1    (21-ounce) can pie filling (apple, cherry or blueberry)
1 (20-ounce) can crushed pineapple, undrained
1 cup pecans, chopped
1 tablespoon cornstarch
4 medium bananas, sliced
1 stick butter, melted
1 (15.25-ounce) box yellow cake mix
Cinnamon sugar to taste
Heat oven to 350. 

In a large bowl, mix pie filling, pineapple, pecans, cornstarch and bananas. Evenly spread in a 9×13 pan. In a separate bowl, combine butter and cake mix, stirring until crumbly; sprinkle over filling. Sprinkle cinnamon sugar on top. Bake for 45 minutes or until done.

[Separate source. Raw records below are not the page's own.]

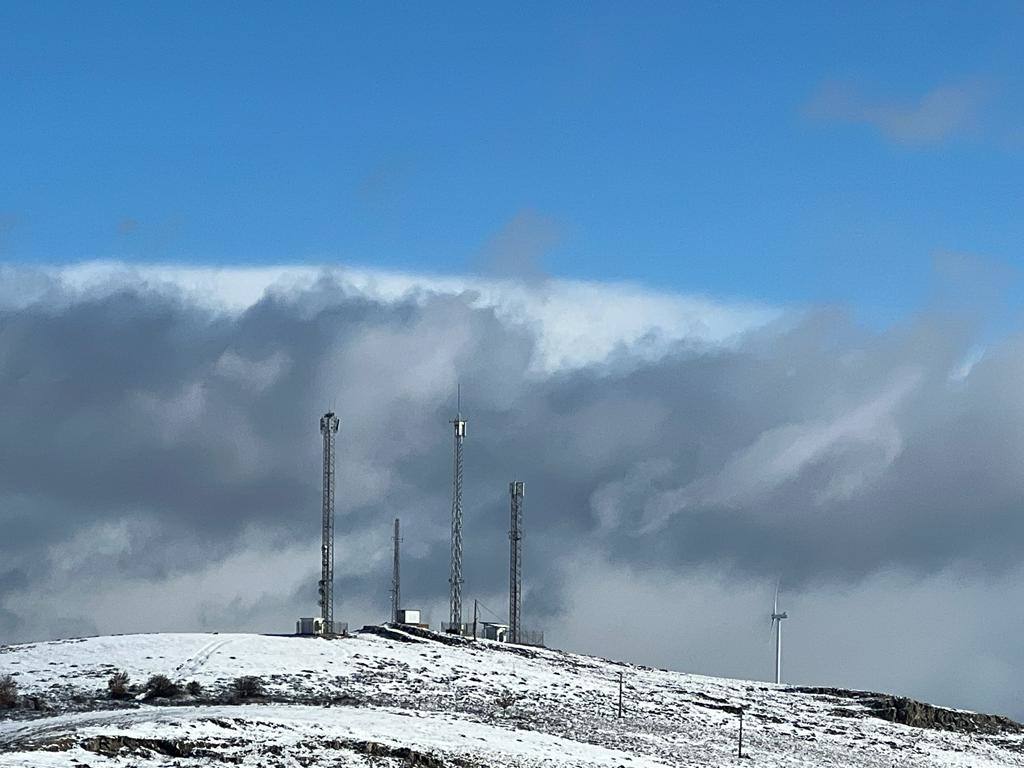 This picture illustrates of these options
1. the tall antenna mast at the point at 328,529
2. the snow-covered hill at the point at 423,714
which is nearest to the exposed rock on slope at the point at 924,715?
the snow-covered hill at the point at 423,714

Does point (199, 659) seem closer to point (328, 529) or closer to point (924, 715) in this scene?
point (328, 529)

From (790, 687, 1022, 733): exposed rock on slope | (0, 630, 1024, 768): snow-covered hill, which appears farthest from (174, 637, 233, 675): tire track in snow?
(790, 687, 1022, 733): exposed rock on slope

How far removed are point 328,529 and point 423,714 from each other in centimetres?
3003

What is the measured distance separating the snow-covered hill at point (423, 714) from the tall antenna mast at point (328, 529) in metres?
2.52

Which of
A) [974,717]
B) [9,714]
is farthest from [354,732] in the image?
[974,717]

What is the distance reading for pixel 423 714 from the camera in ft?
215

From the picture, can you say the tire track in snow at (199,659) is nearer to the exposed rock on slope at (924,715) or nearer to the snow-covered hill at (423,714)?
the snow-covered hill at (423,714)

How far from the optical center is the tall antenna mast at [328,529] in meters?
93.3

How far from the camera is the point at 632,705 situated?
78438 mm

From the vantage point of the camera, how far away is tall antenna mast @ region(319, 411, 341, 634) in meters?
93.3

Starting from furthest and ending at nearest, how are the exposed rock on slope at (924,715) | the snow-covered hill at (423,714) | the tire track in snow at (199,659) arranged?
1. the exposed rock on slope at (924,715)
2. the tire track in snow at (199,659)
3. the snow-covered hill at (423,714)

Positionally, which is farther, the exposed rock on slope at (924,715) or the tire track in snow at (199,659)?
the exposed rock on slope at (924,715)

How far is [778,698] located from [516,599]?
21.5m

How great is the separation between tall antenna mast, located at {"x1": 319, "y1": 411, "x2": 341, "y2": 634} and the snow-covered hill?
2524 mm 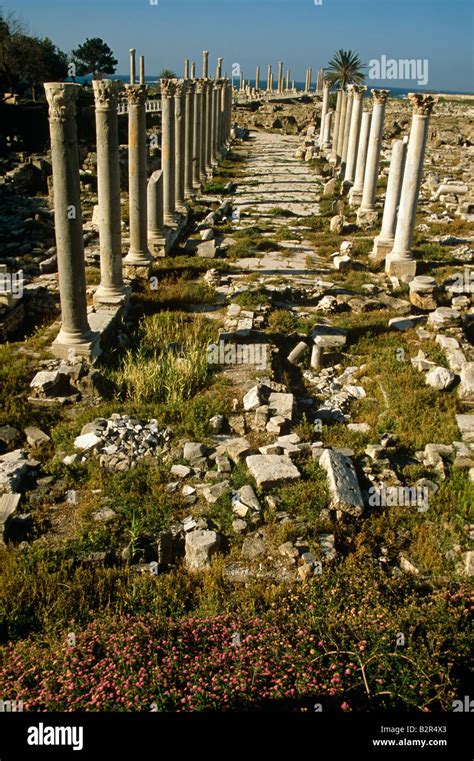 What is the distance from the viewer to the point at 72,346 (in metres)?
10.1

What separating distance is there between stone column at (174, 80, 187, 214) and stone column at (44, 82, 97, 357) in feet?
33.9

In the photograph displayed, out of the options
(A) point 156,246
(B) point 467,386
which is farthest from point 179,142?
(B) point 467,386

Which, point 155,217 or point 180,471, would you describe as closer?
point 180,471

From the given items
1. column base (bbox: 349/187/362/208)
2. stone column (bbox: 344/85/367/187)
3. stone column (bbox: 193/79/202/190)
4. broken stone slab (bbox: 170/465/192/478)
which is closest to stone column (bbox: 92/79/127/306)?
broken stone slab (bbox: 170/465/192/478)

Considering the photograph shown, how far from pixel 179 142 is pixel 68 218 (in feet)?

I got this recipe from my Aunt. She made her cake from scratch. I use boxed cake mix — it is easier.

J.F. Barfield, Gillham
Lemonade Cake

For cake:

Lemonade Cake. photo Jennifer Christman Cia

1 (15.25-ounce) box yellow cake mix
8 ounces sour cream
3 tablespoons cream cheese, softened
6 ounces frozen lemonade concentrate, thawed (plus more for glaze)
3 eggs

For glaze:

1 pound powdered sugar
2 tablespoons butter, melted
Lemonade concentrate 

Heat oven to 325. Grease and flour a Bundt pan.

Add all cake ingredients to a large bowl. Using an electric mixer, beat on low speed until mixed; beat on medium speed for 2 minutes. Add batter to prepared pan, and bake for 45-50 minutes. Allow to cool 5 minutes before flipping cake out of pan and onto a wire rack. Allow cake to cool completely.

To make glaze, combine powdered sugar and butter in a large bowl. Stir in remaining lemonade concen-trate, 1-2 tablespoons at a time, until desired consistency and flavor is achieved. Drizzle glaze over cake. Allow to set before slicing.

Jana Barnes, Mountain Home
Strawberry Ice Box Pie

1 (14-ounce) can sweetened condensed milk
1/3 cup lemon juice
1 cup mashed strawberries (fresh or frozen)
8 ounces whipped topping (like Cool Whip), thawed
1 graham cracker crust

In a large bowl, beat together sweetened condensed milk and lemon juice. Fold in strawberries and whipped topping. Pour into graham cracker crust, and refrigerate until ready to serve.

This was given to me by an older retired Army drill sergeant.

Ann Phillips, Deer
Sunny Banana Pudding

3 (3.4-ounce) boxes vanilla instant pudding
4 cups milk
1 cup water
1 (14-ounce) can sweetened condensed milk 
16 ounces frozen whipped topping (like Cool Whip), thawed 
Vanilla wafers
6 bananas, sliced

In a large bowl, beat together pudding, milk, water and sweetened condensed milk until smooth with an electric mixer; fold in whipped topping. In a glass serving bowl, layer vanilla wafers, bananas and filling; repeat. Refrigerate 3 hours before serving.

Recipe origin: A recipe card from my late husband, Doug Wood, a former Arkansas State Representative. He passed away in June of 2019, but we still get calls for copies of his recipe cards. 

Crystal Wood, Little Rock
Cherry Salad

1 (14-ounce) can sweetened condensed milk 
1 (20-ounce) can crushed pineapple, drained
2 cups small marshmallows
1 cup sweetened coconut flakes
1 cup nuts, chopped 
1 (21-ounce) can cherry pie filling 
16 ounces whipped topping (like Cool Whip), thawed

In a large bowl, mix all ingredients together. Chill in refrigerator before serving.